The seventh meeting of the open social theory seminar Logica Socialis took place at the Centre for Fundamental Sociology of HSE University. It was devoted to changes in people’s behaviour in public places during the coronavirus pandemic. The Centre’s Senior Research Fellow Andrei Korbut presented his research. He began his talk by saying that COVID has affected various spheres of people’s lives and, in the opinion of many speakers, these changes will leave their mark on the future. 

‘Some aspects of our ‘façade’, or as Irving Hoffman calls it ‘front’, have undeniably changed, as well as our interaction with other people in public spaces. This is primarily due to both the character of the disease itself and the measures that have been taken because of the pandemic,’ the speaker believes.

Andrei Korbut, Candidate of Sociological Sciences, Senior Lecturer of the School of Sociology, the Faculty of Social Sciences, and Senior Research Fellow at the Centre for Fundamental Sociology, HSE University’

COVID has affected many, but not all, aspects of everyday life. Here, we should take into account the features of different spaces. In the underground, the influence of COVID is transformed considerably or interpreted through the ordinary practices of people’s behaviour in this public place. On the one hand, the influence of the expected supervision [over compliance with anti-virus requirements] should not be overestimated. On the other hand, we should not underestimate that fact that people follow these requirements. They are aware of what is happening and understand that these requirements may be used not only by the authorities, but also by other people who assess their moral status. The way we behave in this public place is assessed from this respect as well, and we should take it into account.

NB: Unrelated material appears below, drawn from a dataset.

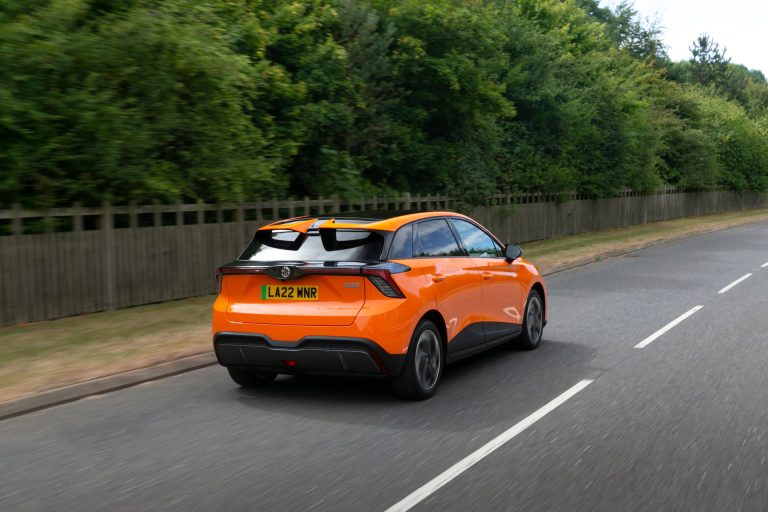 MG4 vs Hyundai IONIQ 5: el asalto chino a precio contra el coreano de referencia en el compacto eléctrico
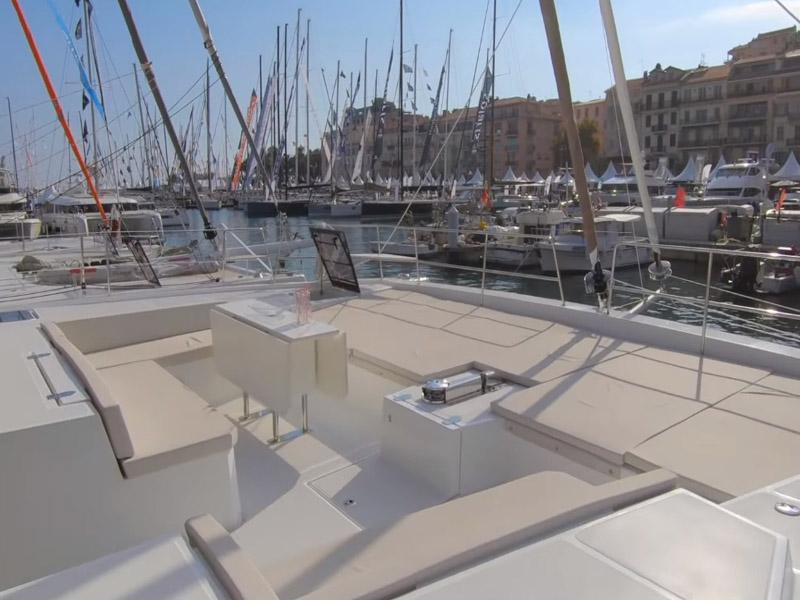 Book yachts online - catamaran - Bali 5.4. - License to chill - rent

The research by Andrei Korbut and his colleagues relies on observations made in the Moscow underground since the beginning of spring 2020. The speaker explained that he looks into people’s behaviour within the context of three dimensions—space, time, and interaction with acquaintances and strangers. For instance, the researcher believes that the way people slow their pace before entering the underground, putting on their masks right in front of the entrance doors, clearly shows that people’s attitude to space has changed. 

‘Social space is structured differently in the time of COVID. On top of new tangible objects (like masks and gloves) and new rules for physical distancing, our behaviour has changed, including the way we approach the doors to an underground station.  We’ve developed a new series of actions. This is no longer the simple act of opening the door and stepping inside. We need to get ready for doing this by putting on gloves and masks, then we need some space and time to actually perform the action,’ said the speaker. 

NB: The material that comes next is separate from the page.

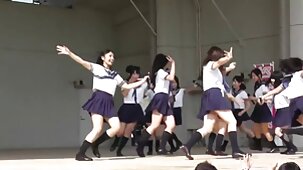 Shalashovki sexe gratuit amateur streaming blonde avec plaisir pratiquant le cunnilingus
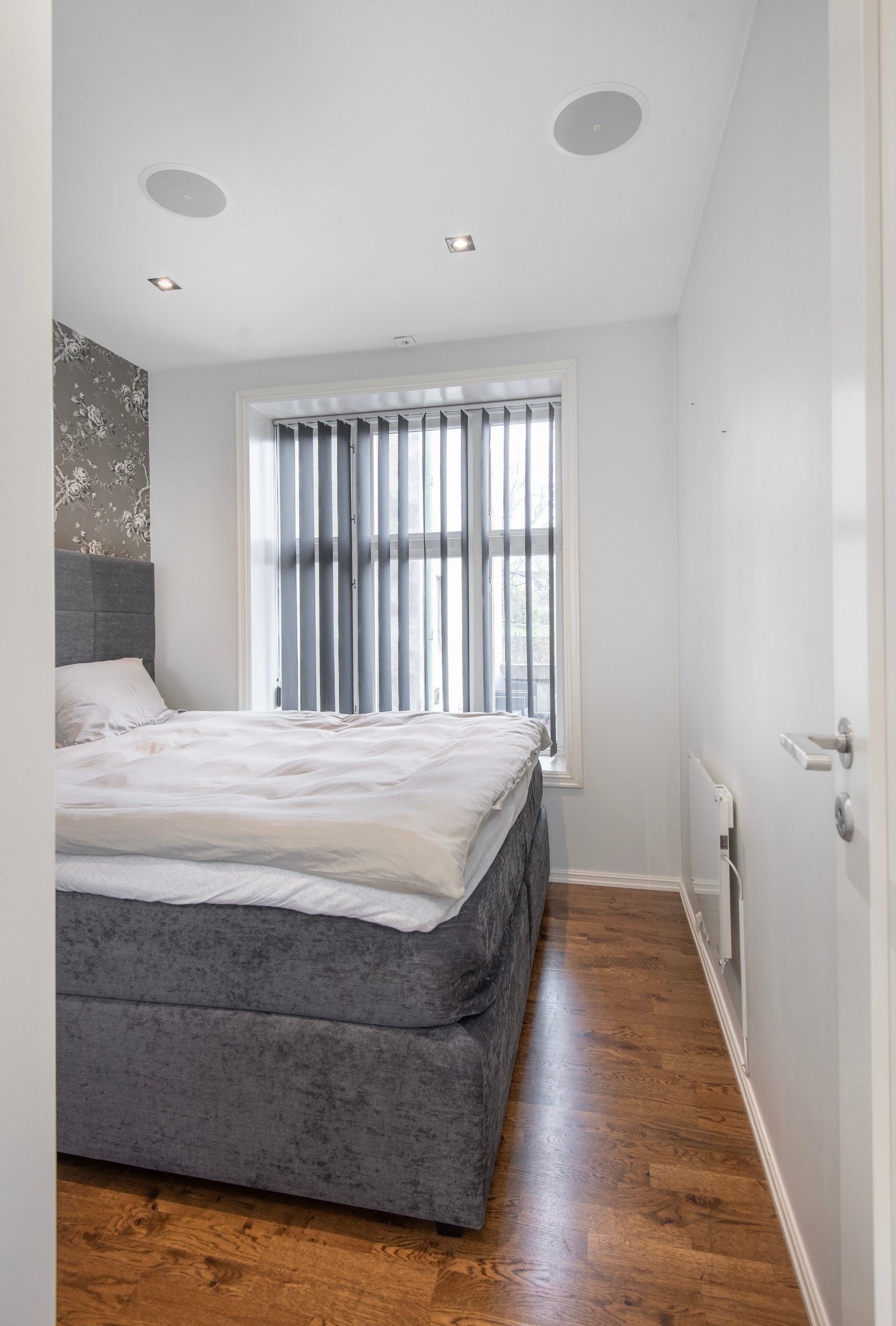 Leiligheten er innredet med to soverom. Kun ett er godkjent, se salgsoppgave for mer informasjon. Galleribilde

Andrei Korbut also noted the changes in the behaviour of couples. Most often, they both wear (or sometimes not) masks, rearranging or lowering their masks to mirror their partner’s behaviour. ‘I think this cannot be explained solely by the fact that couples are supposed to be equal. Equality does play a certain part, of course, but there are some procedures whereby people achieve this equality. In my opinion, it is very noticeable that couples, on the one hand, mirror each other’s behaviour and, on the other hand, teach each other how to use masks and gloves. Thus, we can see how people control each other’s behaviour.’